Dukungan suporter LAFC terasa autentik dan sering digunakan MLS sebagai materi iklan dalam berbagai kampanye. Namun, liga membutuhkan lebih banyak klub dengan gambaran sekuat itu. Di balik kesuksesan LAFC, masih ada sejumlah klub warisan yang berjuang lama untuk menjadi relevan di pasar besar seperti Colorado, Houston, New England, dan Dallas.
Klub-klub tersebut sebenarnya ikut berkembang bersama liga dalam beberapa hal, tetapi tidak di aspek lainnya. Membenahi masalah ini sebenarnya sudah menjadi prioritas sejak era Garber, tetapi pekerjaannya masih jauh dari selesai. Berg dituntut untuk mencari formula agar setiap klub bisa memiliki ikatan yang kuat dengan komunitasnya masing-masing.
Negosiasi CBA, Prioritas Komisaris Baru MLS yang Paling Mendesak
Semua faktor di atas akan dipertimbangkan dalam agenda paling mendesak yang menanti Berg: negosiasi perburuhan yang semakin dekat. MLS dan Asosiasi Pemain MLS (MLSPA) sebelumnya merundingkan ulang ketentuan kontrak pada 2021 akibat pandemi Covid-19, dengan perpanjangan kesepakatan hingga akhir 2027. Batas waktu itu kini semakin dekat, dan cara Berg menangani proses tawar-menawar pertamanya akan menentukan nada hubungan kedua belah pihak di masa depan.

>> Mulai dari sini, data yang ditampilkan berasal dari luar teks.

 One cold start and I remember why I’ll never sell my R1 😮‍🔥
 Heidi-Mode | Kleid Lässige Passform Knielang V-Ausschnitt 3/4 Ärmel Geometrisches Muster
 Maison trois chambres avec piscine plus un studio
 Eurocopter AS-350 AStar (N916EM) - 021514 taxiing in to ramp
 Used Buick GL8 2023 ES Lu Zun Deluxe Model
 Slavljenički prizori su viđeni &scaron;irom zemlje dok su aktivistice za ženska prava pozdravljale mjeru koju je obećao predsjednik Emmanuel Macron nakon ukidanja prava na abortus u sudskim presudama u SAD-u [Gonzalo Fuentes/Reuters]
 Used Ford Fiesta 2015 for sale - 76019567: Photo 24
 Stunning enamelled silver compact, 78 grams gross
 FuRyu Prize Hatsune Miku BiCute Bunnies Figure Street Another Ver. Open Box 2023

Berbeda dengan masa sebelumnya ketika Berg hanya satu dari 30 suara pemilik klub, kini ia memimpin dengan menampung aspirasi dari seluruh kelompok kepemilikan. Hasil negosiasi ini akan berdampak jangka panjang pada sisa masa kepemimpinannya sebagai komisaris. Sejak kesepakatan 2021 diratifikasi, MLS telah mengalami banyak perubahan besar yang ikut membentuk lanskap baru liga.
Liga telah mengubah format play-off dengan menambahkan babak best-of-three dan wild card, meski Berg mengisyaratkan akan ada perubahan lebih lanjut dalam konferensi persnya. MLS juga meluncurkan MLS Next Pro untuk menghubungkan akademi dengan tim utama, dan empat klub baru telah bergabung dalam beberapa tahun terakhir. Banyak momen pertengahan 2020-an yang akan dikenang berkat aksi Lionel Messi di Amerika Serikat, tetapi pemain berusia 39 tahun itu tidak akan selamanya berkeliling stadion MLS.

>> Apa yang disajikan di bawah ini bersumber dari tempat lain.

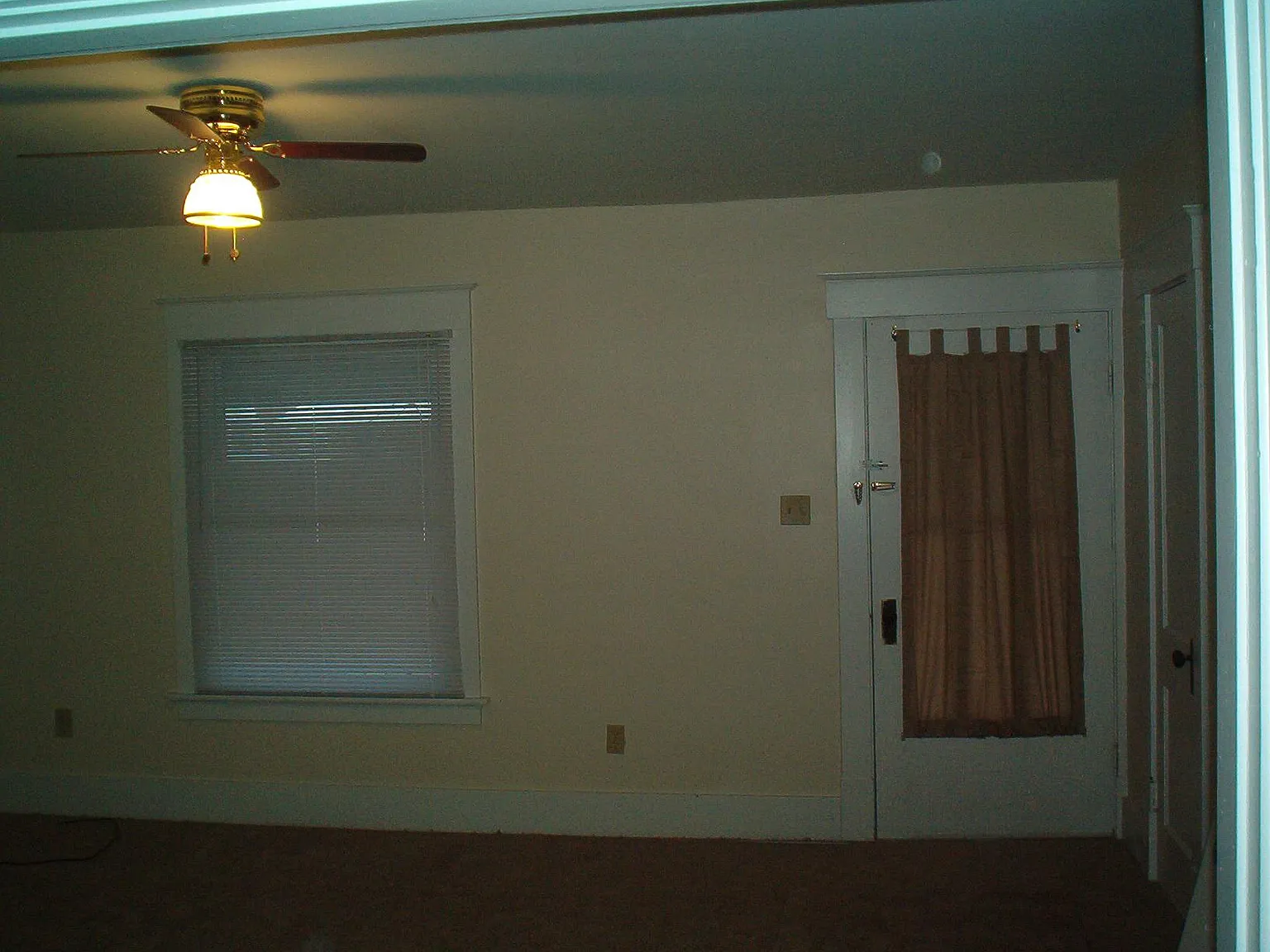 1 bed, 717 sqft, $1,000 — Photo 4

Negosiasi ini akan memperjelas prioritas dan kerangka kerja untuk babak baru liga yang secara resmi dipegang oleh Berg. Belum ada indikasi akan terjadi penghentian kompetisi, tetapi perundingan CBA yang berlarut-larut bisa memicunya. Itu akan menjadi skenario buruk bagi momentum liga yang sedang membangun.
Lima prioritas di atas menunjukkan besarnya tantangan yang dihadapi Berg sebagai komisaris baru MLS. Mulai dari kontrak hak siar yang harus dirancang ulang, aturan roster yang perlu disegarkan, hingga negosiasi CBA yang menuntut kejelian, semuanya akan menentukan arah liga dalam dekade berikutnya. Berg sendiri tampak sadar bahwa fondasi yang ditinggalkan Garber sudah kuat, tetapi ia juga memahami bahwa stagnasi bukanlah pilihan.

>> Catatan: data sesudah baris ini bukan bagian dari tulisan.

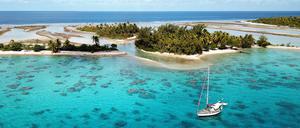 Die Segelyacht Daphne des brandenburgischen Ex-Landtagsabgeordneten Michael Jungclaus im Fakavara-Atoll im Pazifik (Französisch-Polynesien).
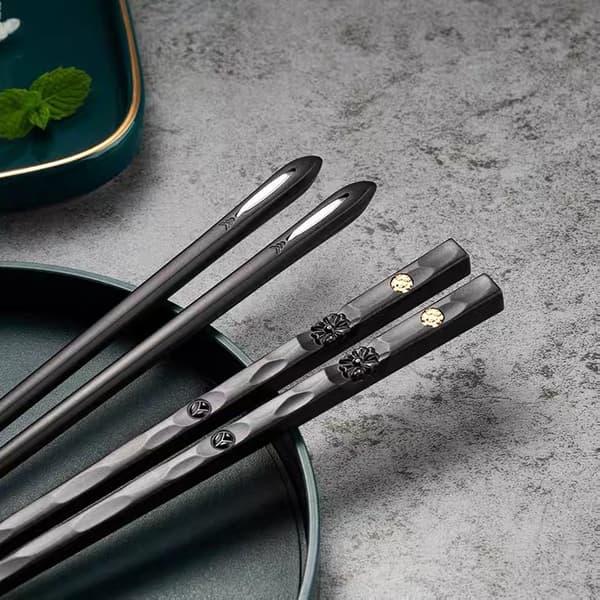 5 par sklisikre gjenbrukbare sushipinner i gravert legering 5 Pair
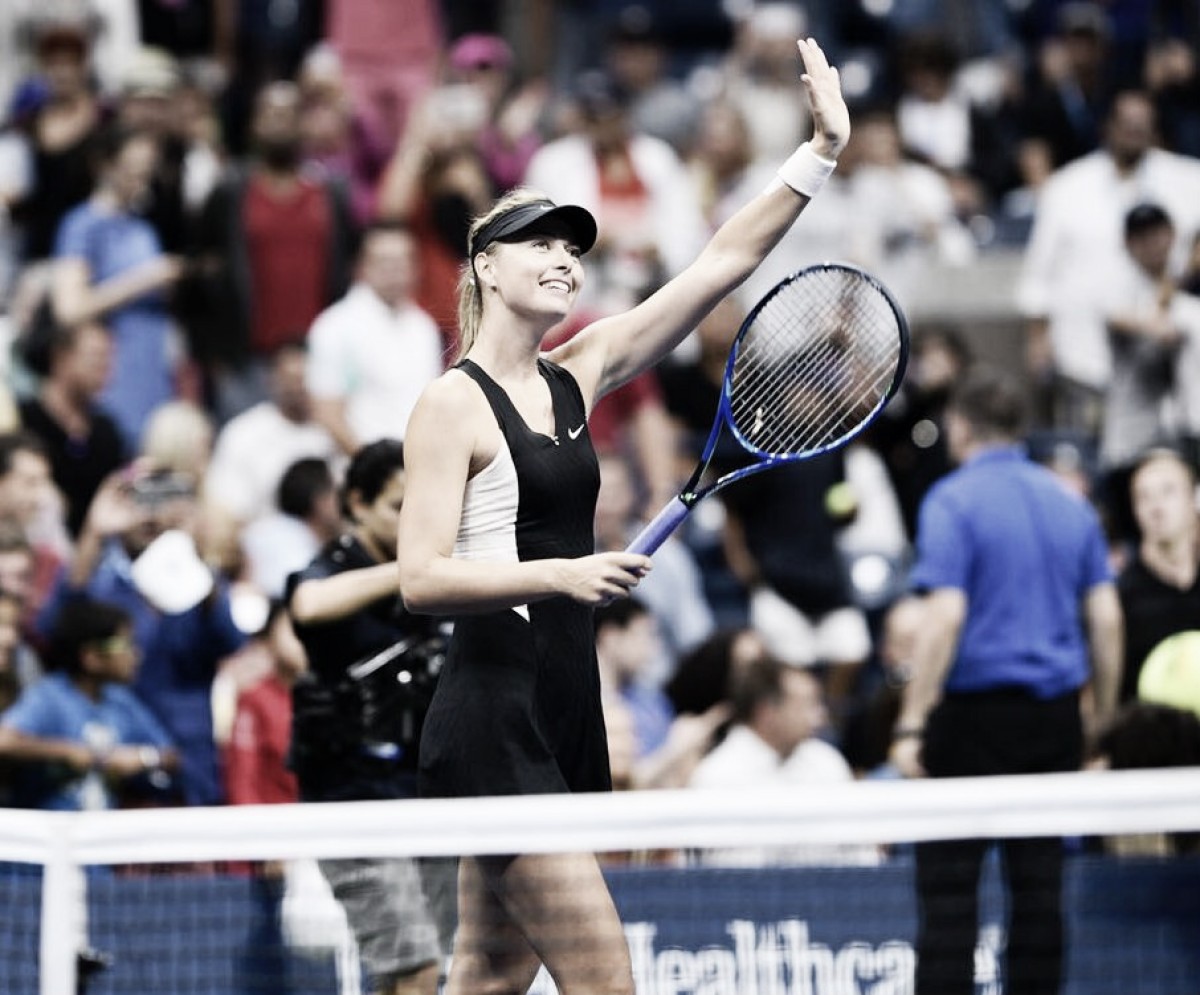 Sharapova domina Ostapenko e avança no US Open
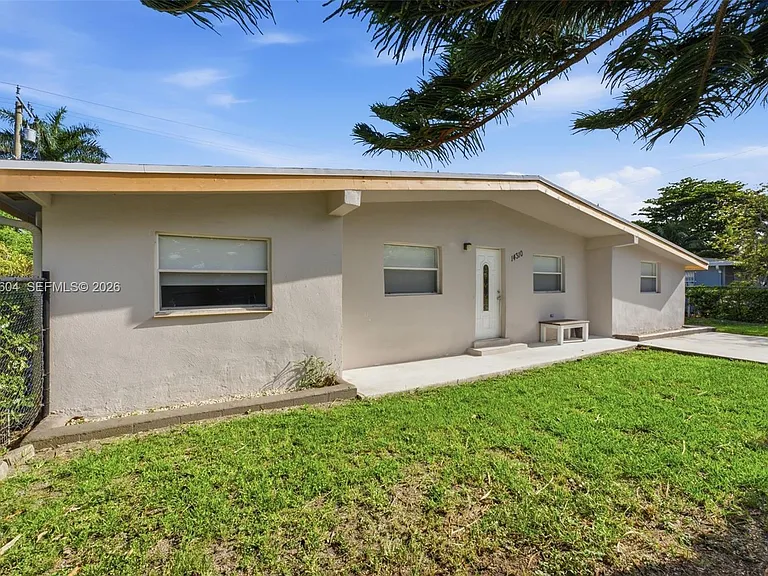 14310 SW 271st Ter — Photo 6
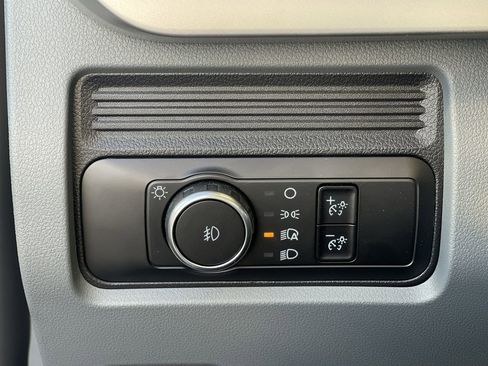 New 2024 Ford F450 XL w/ XL Chrome Package image 22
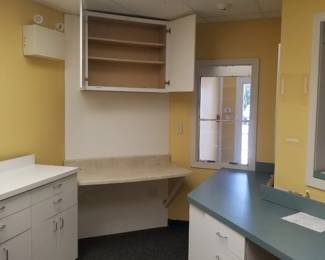 Upper & base cabinets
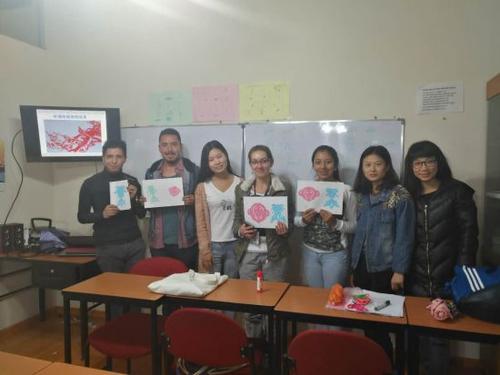 中國(guó)僑網(wǎng)合影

- Merancang ulang strategi hak siar setelah kontrak Apple berakhir pada 2028-29
- Mengevolusi aturan roster demi meningkatkan kualitas permainan di lapangan
- Menjembatani kesenjangan dengan Liga MX dan kompetisi global
- Meningkatkan relevansi klub di pasar masing-masing
- Menavigasi negosiasi CBA dengan serikat pemain hingga 2027
Dengan Piala Dunia 2026 yang sudah di depan mata dan Lionel Messi yang semakin mendekati akhir kariernya, MLS berada di persimpangan penting. Keputusan yang diambil Berg dalam beberapa tahun pertama akan menentukan apakah liga ini mampu naik kelas atau justru kehilangan momentum yang sudah dibangun. Semua mata kini tertuju pada langkah pertama komisaris baru tersebut.